Dengan demikian, apabila tidak sesuai dengan ketentuan yang diatur dalam syariat Islam, maka interaksi sosial tersebut tidak termasuk ke dalam kategori, baik silaturahmi maupun persahabatan yang dianjurkan dipelihara. Hal tersebut justru merupakan bentuk interaksi sosial tidak bermanfaat yang layak dihindari sebab cenderung kepada kesia-siaan dan kemudaratan serta bisa mendatangkan kemurkaan Allah SWT. Interaksi sosial seperti itulah yang termasuk ke dalam bentuk kesia-siaan dan kemaksiatan sehingga memutuskannya TIDAK TERMASUK ke dalam kategori memutuskan silaturahmi.

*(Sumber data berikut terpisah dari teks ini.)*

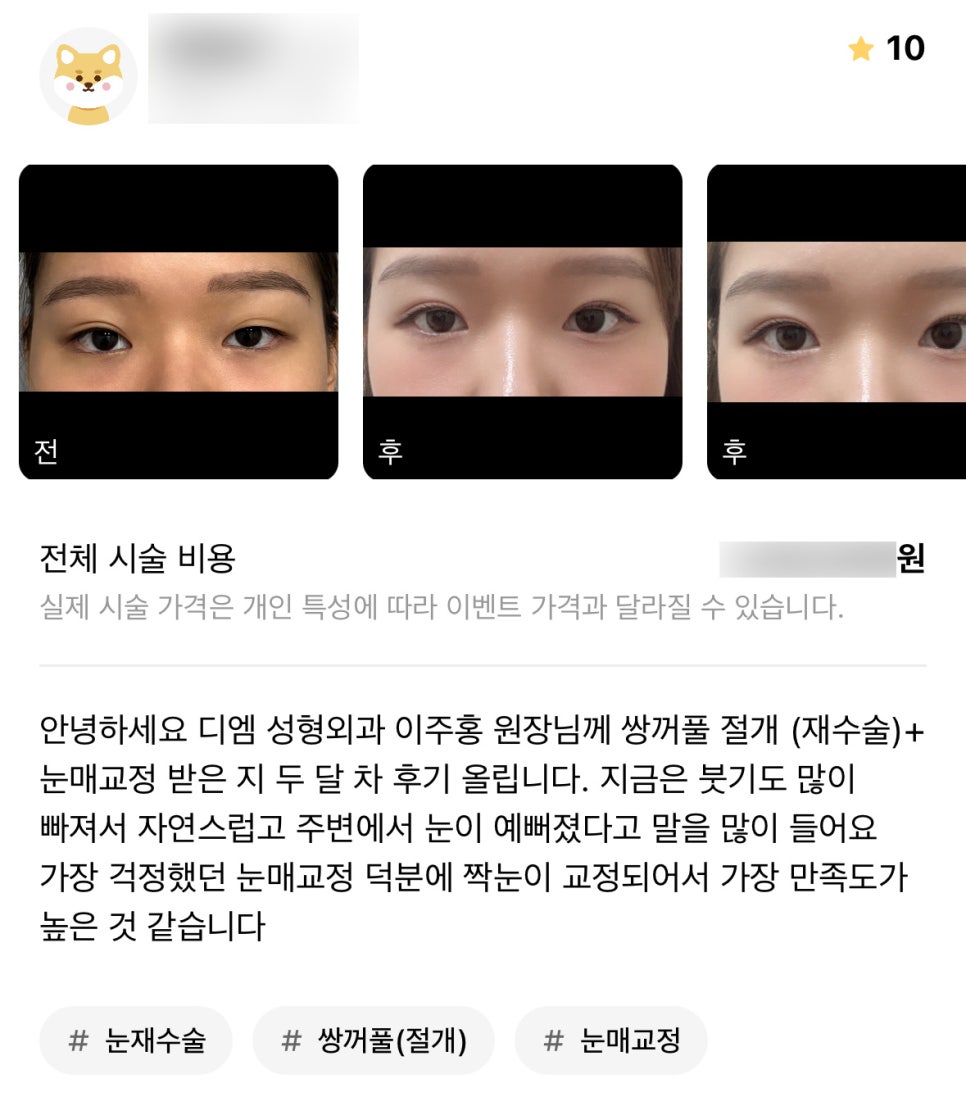 눈재수술 후기."주변에서 눈이 예뻐졌다고 말을 많이 들어요!" 관련 이미지 1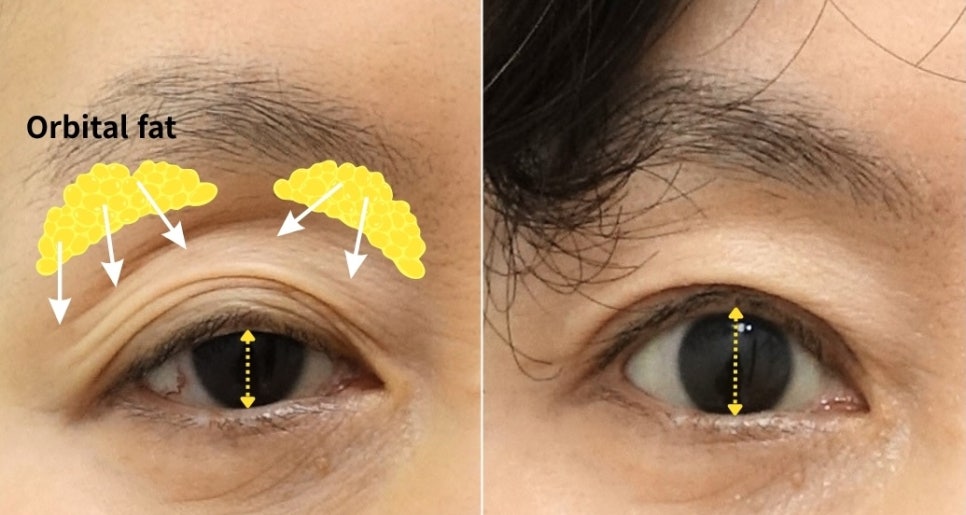 Upper Eyelid Hollowness That Develops With Age Is Not Simply Caused by Fat Loss image 1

Salah Kaprah Memahami Silaturahmi
Salah satu contoh yang sering terjadi dalam kehidupan sehari-hari, misalnya antar orang berlainan jenis yang bukan mahram kemudian meminta nomor kontak atau alamat dengan alasan ingin menjalin silaturahmi lebih dekat. Nah, alasan seperti ini adalah sebuah alasan yang mengada-ada. Hal ini juga menunjukkan adanya salah pemahaman terhadap pengertian silaturahmi dalam Islam. Berdasarkan uraian sebelumnya telah dijelaskan bahwa silaturahmi adalah di antara orang-orang yang masih memiliki ikatan nasab (garis keturunan). Oleh karenanya, hubungan antara manusia berlainan jenis (laki-laki dan wanita) yang bukan mahram seperti contoh di awal paragraf tersebut jelas bukanlah hubungan silaturahmi.
Alasan-alasan silaturahmi yang seperti itu tidak ada dalam syariat Islam. Bahkan, hal tersebut termasuk ke dalam hal-hal yang berpotensi mendatangkan kemudaratan dan fitnah sehingga akan lebih selamat kalau dihindari.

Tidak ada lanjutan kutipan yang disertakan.